Urząd miejski w Warszawie wystąpił do sądu o zapłatę 1 mln 500 tys. zł od spółdzielni mieszkaniowej Natolin, tytułem niedotrzymania kontraktu. W grudniu 1999 roku spółdzielnia i miasto podpisały umowę przedwstępną o zrzeczeniu się prawa użytkowania wieczystego przez gminę na rzecz spółdzielni Przy Metrze w połowie i spółdzielni Natolin w drugiej połowie. Chodziło o wybudowanie parkingu na działce wielkości 1505 metrów, a była to część działki większej. Wcześniej miał nastąpić jej podział. Pieniądze za nieruchomość powinny być przekazane po zniesieniu współużytkowania wieczystego, co miało być zrealizowane do końca grudnia 2002 roku.
Nieważność umowy
Sąd I instancji stwierdził, że umowa była nieważna, gdyż działka należała do skarbu państwa, a nie do gminy. Sąd przyjął, że użytkowanie wieczyste obciąża całą nieruchomość gruntową. Natomiast zniesienie tego użytkowania należy tylko do właściciela, a gmina, która podpisywała umowę nim nie była.

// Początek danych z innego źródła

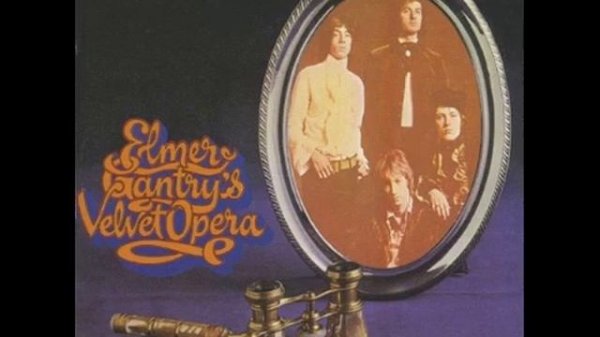 Elmer Gantry's Velvet Opera -[03]- Mary Jane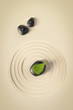 Illustration: Zen background Zen background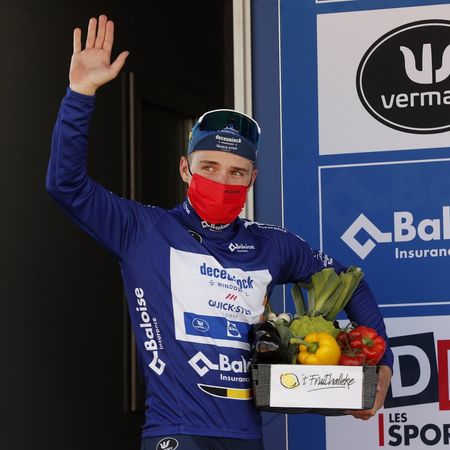 90th Baloise Belgium Tour 2021 - Stage 3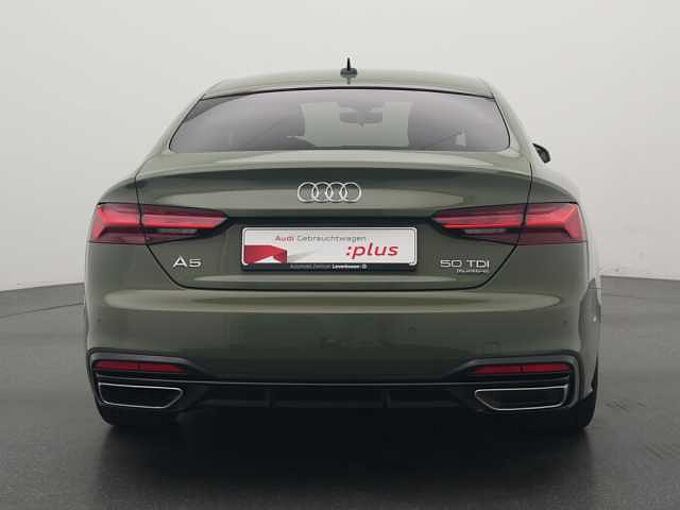 Audi A5 Sportback 50 quattro advanced MATRIX SHZ NAVI
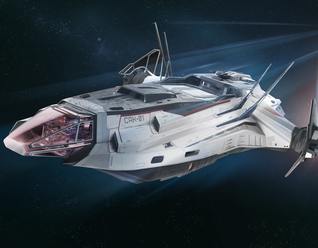 Carrack Expedition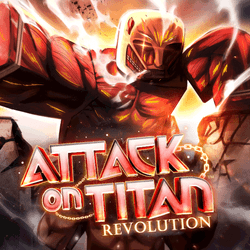 Game thumbnail for Attack on Titan Revolution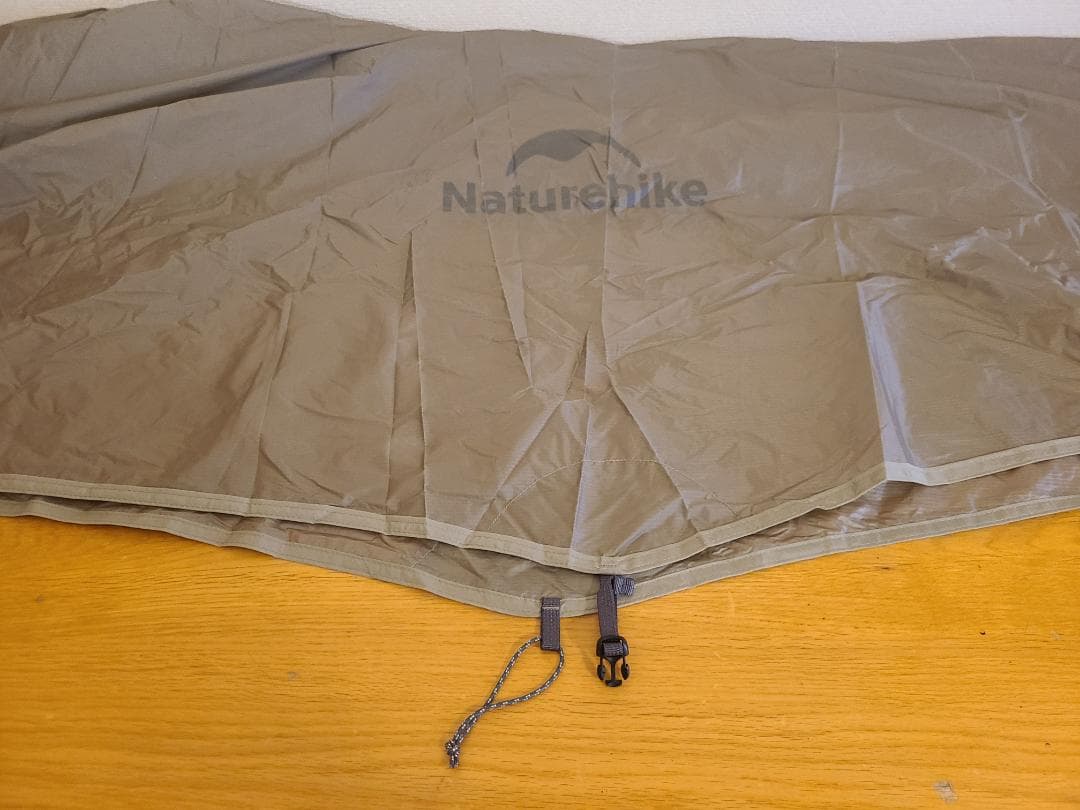 【訳有り品・美品】Naturehike Cloudup2 Pro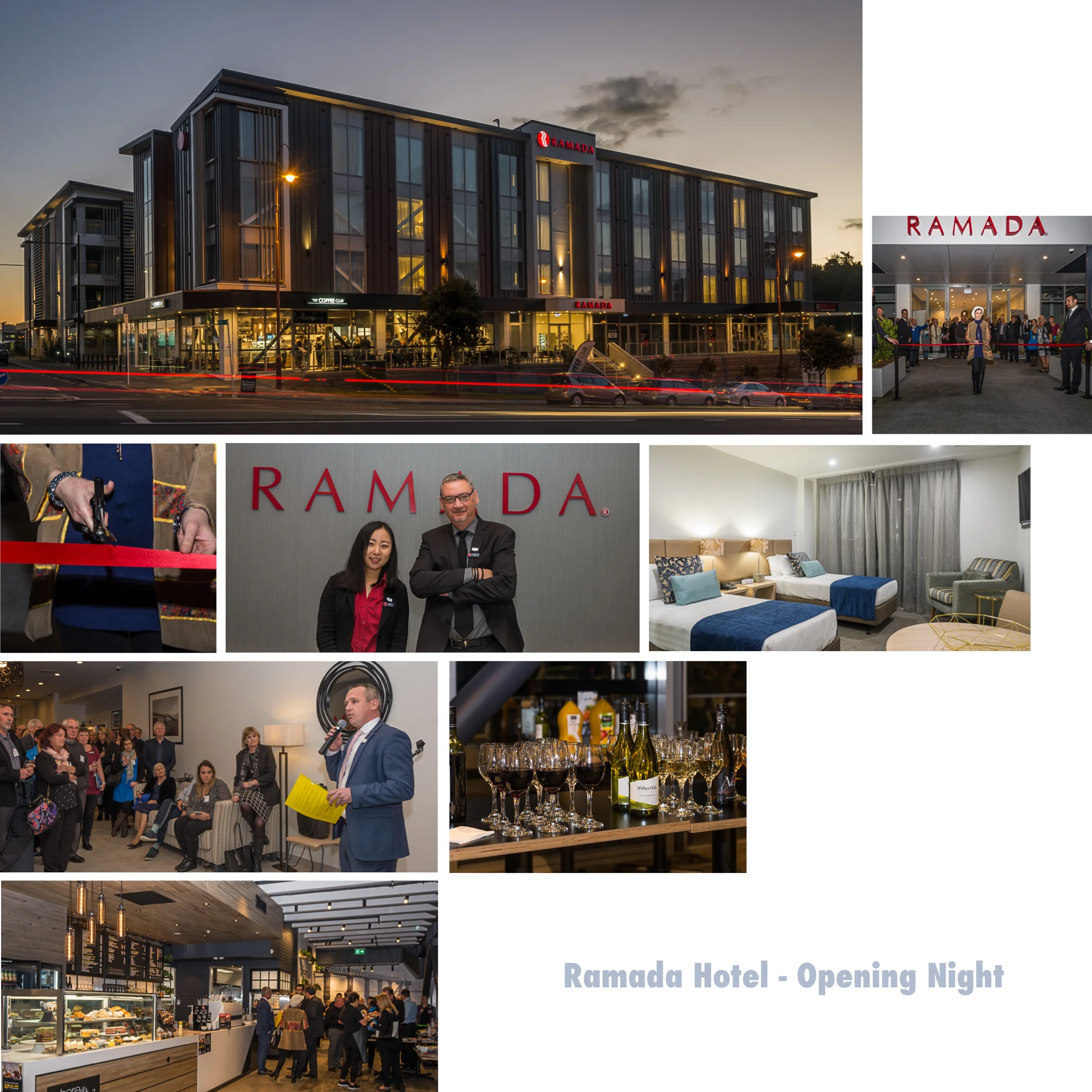 Event Photography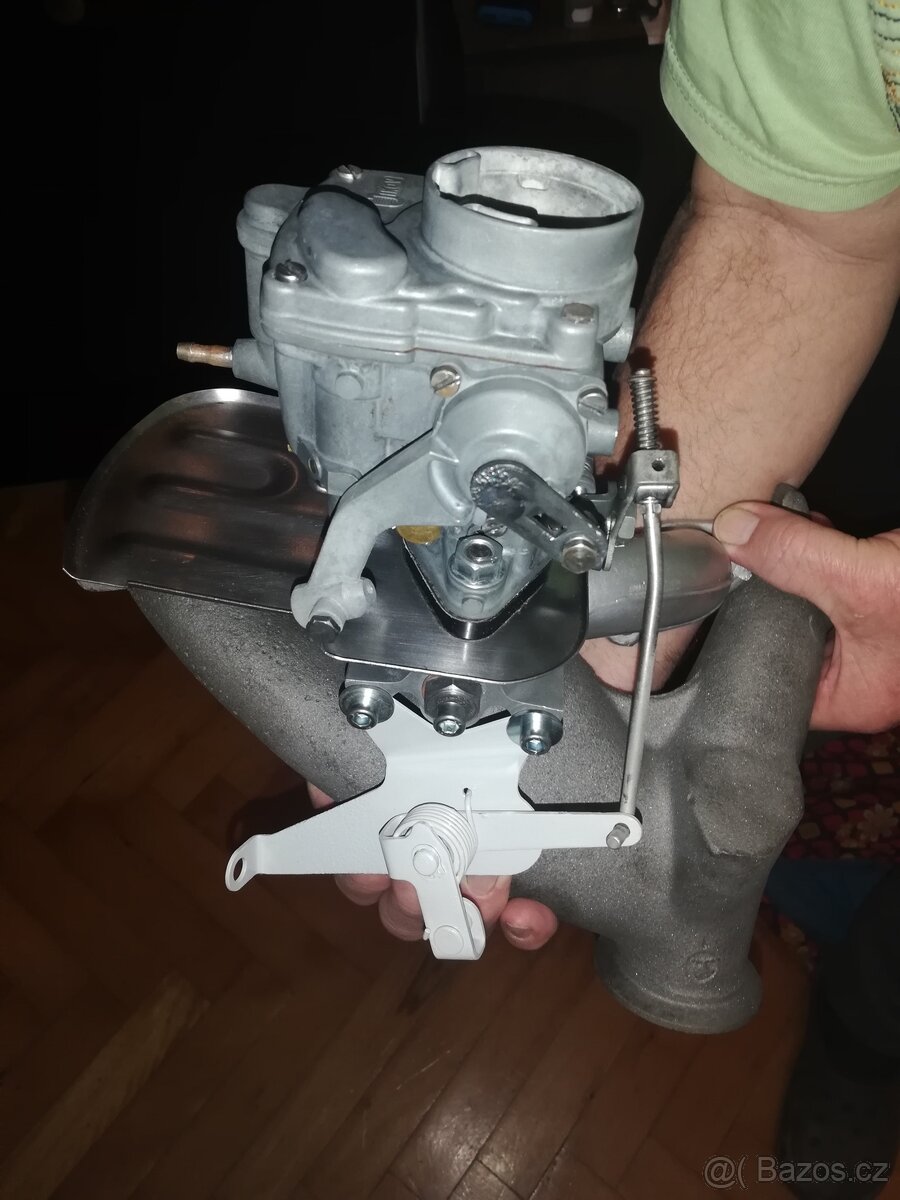 Díly škoda 1000mb,110,120,130l - 5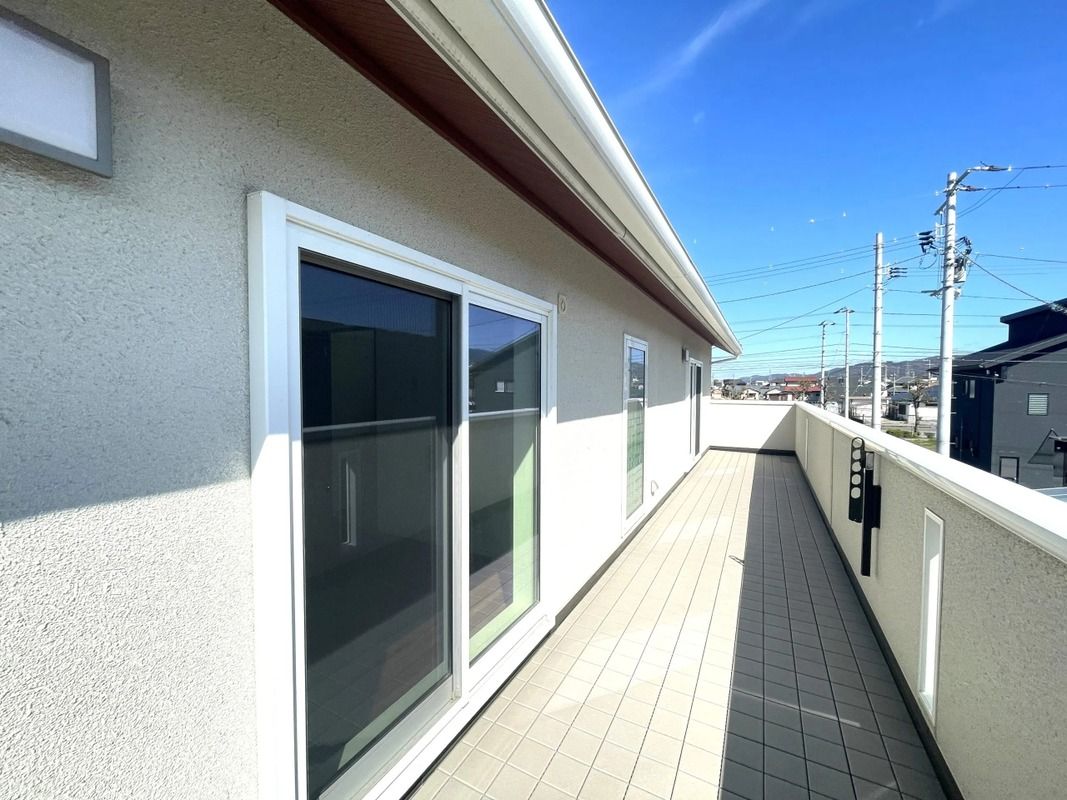 New 4LDK Eco House for Sale in Niihama, Ehime - Thumbnail 2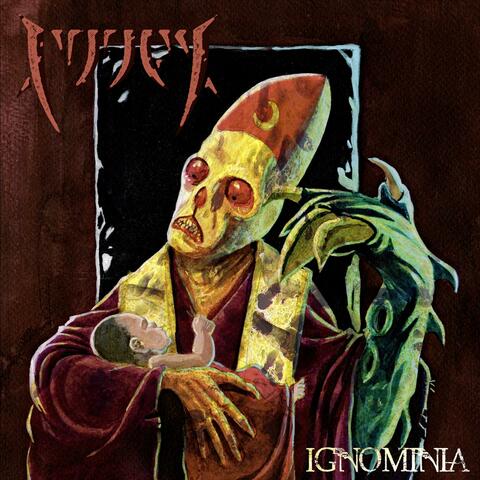 Ignominia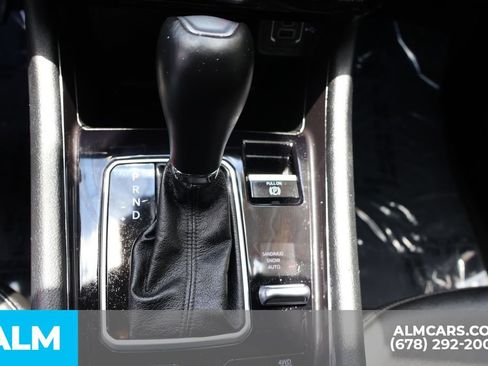 Used 2025 Jeep Compass Latitude AWD/4WD image 33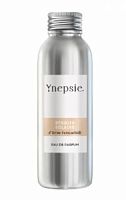 YNEPSIE BENJOIN SOLAIRE EAU DE PARFUM, 100ml, REFILL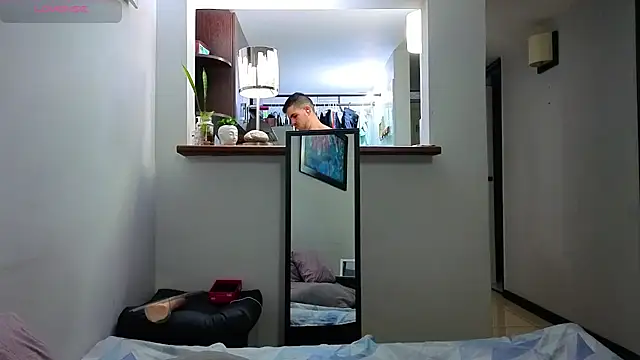 Matiashorney webcam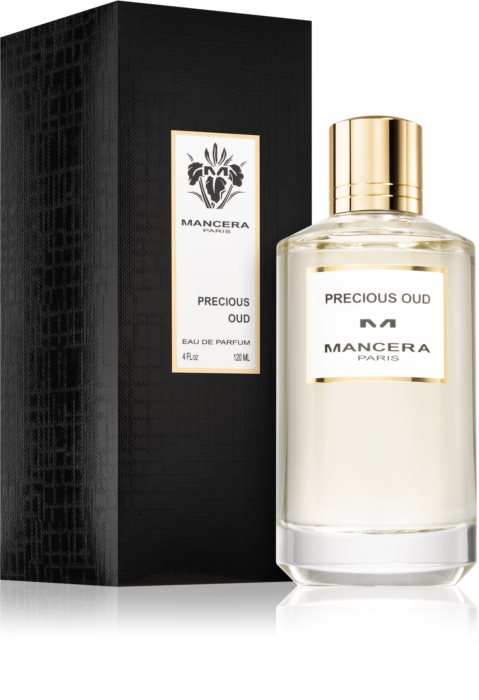 Mancera - Precious Oud edp 120ml / UNI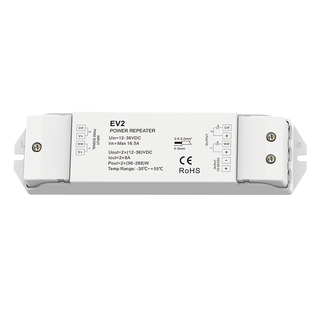 SkyDance EV2 2-channel power repeater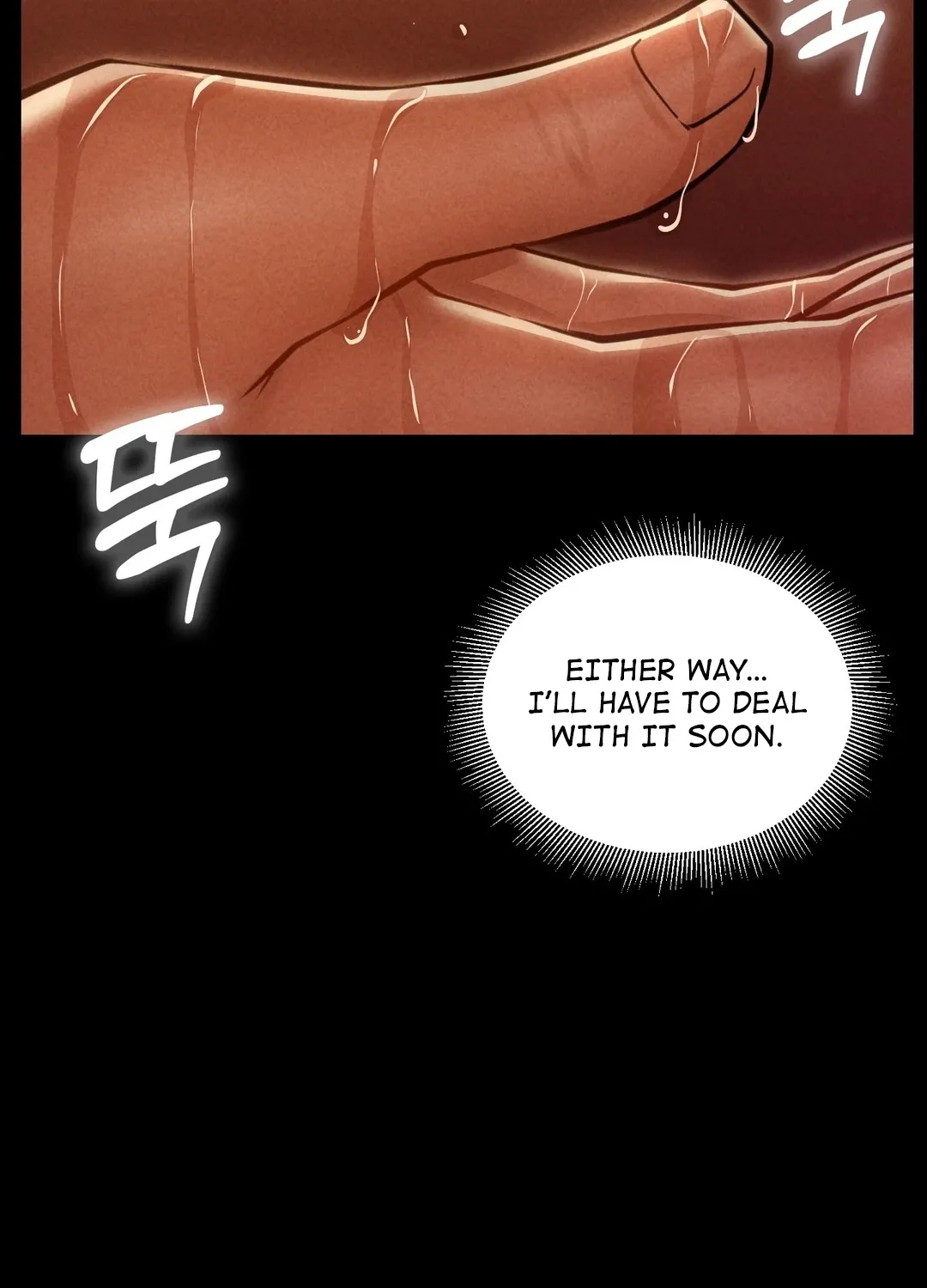 Paradise Villa Chapter 15 page 16 -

Miasto złożyło apelację od tego wyroku, ale sąd II instancji także ją oddalił. Potwierdził, że nie mogło dojść do zrzeczenia się działki, a jedynie do zniesienia współużytkowania. Kolejnym krokiem powinno być przeniesienie własności. A do tego w ogóle nie doszło. Treścią zobowiązania więc było zniesienie współużytkowania ( czyli warunek według kc) do końca grudnia 2002 roku, a jeśli ono nie nastąpi – to zobowiązanie nie istnieje. Było to więc powiązanie warunku z terminem. Ponadto sąd zauważył, że nie można się zrzec nie wydzielonej działki.
Kasacja miasta
Miasto dalej walczyło o pieniądze i jego pełnomocnik złożył skargę kasacyjną od wyroku Sądu Apelacyjnego z 20 kwietnia 2010 roku. W kasacji zaskarżono złą interpretację art.89 kc. ( warunek). Pełnomocnik powoda twierdził, że umowa zawarta pod warunkiem upoważnia do złożenia wniosku o zniesienie współużytkowania wieczystego. Taki wniosek może złożyć każdy, kto ma w tym interes prawny, a nie tylko właściciel. Art.89 kc., który stanowi, iż „z zastrzeżeniem wyjątków w ustawie przewidzianych albo wynikających z właściwości czynności prawnej, powstanie lub ustanie skutków czynności prawnej można uzależnić od zdarzenia przyszłego i niepewnego (warunek)”.
Nie można się zrzec współużytkowania
Sąd Najwyższy 11 sierpnia oddalił kasację miasta Warszawy. - Nie było jednak naruszenia art.89 kc – podkreślił sędzia Jan Górowski - Nie było błędnej wykładni, że umowa zobowiązująca do zrzeczenia się prawa użytkowania wieczystego po dokonaniu podziału nieruchomości jest umową zawartą pod warunkiem – jak przyjął słusznie sąd II instancji.
- Jednak to nie był podział nieruchomości, lecz zniesienie współużytkowania wieczystego - zaznaczył sędzia sprawozdawca. – Sąd Apelacyjny w uzasadnieniu wyraźnie napisał. Warunkiem było zniesienia współużytkowania wieczystego przez spółdzielnię. To wynika jasno z umowy.
Aby zakwestionować koncepcję powiązania warunku z terminem należało powołać się na art.65 kc ( oświadczenie woli), czego w kasacji nie napisano. Są dwie uchwały SN, mówiące, że zniesienie współużytkowania wieczystego zależy wyłącznie od woli współużytkowników i w tym wypadku nie ma znaczenia stanowisko właściciela nieruchomości. W istocie rzeczy zawarta umowa przedwstępna była nieważna. Ale od samego początku świadczenie było niemożliwe. Nie można się jednostronnie zrzec współużytkowania wieczystego – dodał sędzia sprawozdawca.